Quantum Fluctuations and the Exchange Bias Field
G.J. Mata, E. Pestana, M. Kiwi, and H. Dreysse

TL;DR
This paper explains how quantum ground-state fluctuations at surfaces and interfaces cause a small magnetic dipole density, influencing the exchange bias field and its temperature dependence in antiferromagnets and nanoparticles.
Contribution
It introduces a fluctuation-based explanation for the exchange bias field arising from surface and interface effects in quantum antiferromagnets.
Findings
Surface and interface fluctuations create a magnetic dipole density.
This dipole density accounts for the observed exchange fields.
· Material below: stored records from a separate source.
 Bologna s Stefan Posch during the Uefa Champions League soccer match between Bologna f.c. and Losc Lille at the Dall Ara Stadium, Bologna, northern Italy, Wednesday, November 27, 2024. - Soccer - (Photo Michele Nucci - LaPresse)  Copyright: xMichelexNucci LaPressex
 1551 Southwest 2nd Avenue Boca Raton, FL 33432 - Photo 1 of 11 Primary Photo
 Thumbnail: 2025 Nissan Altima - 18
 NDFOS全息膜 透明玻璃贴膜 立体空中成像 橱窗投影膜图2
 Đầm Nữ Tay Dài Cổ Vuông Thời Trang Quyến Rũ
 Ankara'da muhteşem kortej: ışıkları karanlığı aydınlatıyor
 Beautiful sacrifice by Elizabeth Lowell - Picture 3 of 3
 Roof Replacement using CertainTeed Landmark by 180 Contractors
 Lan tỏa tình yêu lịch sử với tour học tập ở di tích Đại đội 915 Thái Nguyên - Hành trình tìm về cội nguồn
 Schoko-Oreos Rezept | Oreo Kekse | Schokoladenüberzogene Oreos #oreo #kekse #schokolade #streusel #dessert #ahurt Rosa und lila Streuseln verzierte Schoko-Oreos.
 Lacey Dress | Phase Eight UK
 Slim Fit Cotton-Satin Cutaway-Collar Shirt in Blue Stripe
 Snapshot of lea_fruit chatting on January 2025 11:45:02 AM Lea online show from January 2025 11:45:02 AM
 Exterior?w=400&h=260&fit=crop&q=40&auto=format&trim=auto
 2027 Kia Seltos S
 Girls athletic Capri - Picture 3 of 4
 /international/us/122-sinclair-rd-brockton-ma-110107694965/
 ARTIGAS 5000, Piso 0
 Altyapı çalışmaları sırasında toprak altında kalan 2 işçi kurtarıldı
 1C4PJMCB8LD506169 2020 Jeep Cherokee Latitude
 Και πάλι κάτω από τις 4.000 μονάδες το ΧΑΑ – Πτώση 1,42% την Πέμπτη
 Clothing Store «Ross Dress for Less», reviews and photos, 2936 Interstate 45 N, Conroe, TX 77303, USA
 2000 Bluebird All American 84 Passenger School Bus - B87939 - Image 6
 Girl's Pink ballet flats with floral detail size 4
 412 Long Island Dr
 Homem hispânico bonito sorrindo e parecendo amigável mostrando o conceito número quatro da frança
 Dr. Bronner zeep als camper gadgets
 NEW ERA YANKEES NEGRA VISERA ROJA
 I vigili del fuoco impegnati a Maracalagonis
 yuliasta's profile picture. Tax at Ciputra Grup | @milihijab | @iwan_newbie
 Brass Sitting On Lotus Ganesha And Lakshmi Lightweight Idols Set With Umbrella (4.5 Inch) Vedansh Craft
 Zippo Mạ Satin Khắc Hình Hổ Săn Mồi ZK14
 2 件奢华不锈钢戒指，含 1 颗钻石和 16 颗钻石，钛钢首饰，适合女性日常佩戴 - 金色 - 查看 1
Temperature changes affect the dipole density and exchange field.
Abstract
Ground-state fluctuations reduce the zero-temperature magnetic moments of the spins in a quantum antiferromagnet. In the neighborhood of surfaces, interfaces, and other defects which break translational symmetry, these fluctuations are not uniform. Because of this the magnetic moments of up and down spins do not exactly compensate each other--as they do in a bulk antiferromagnet. At a surface or interface this leads to a small magnetic dipole density. The corresponding dipole field can account for the magnitude of observed exchange fields. At finite temeperatures localized surface (interface) excitations are populated and change the dipole density. This gives rise to the temperature-dependence of the exchange field. We expect the fluctuation-induced surface dipole density to play a role in the magnetic properties of antiferromagnetic nano-particles, as well.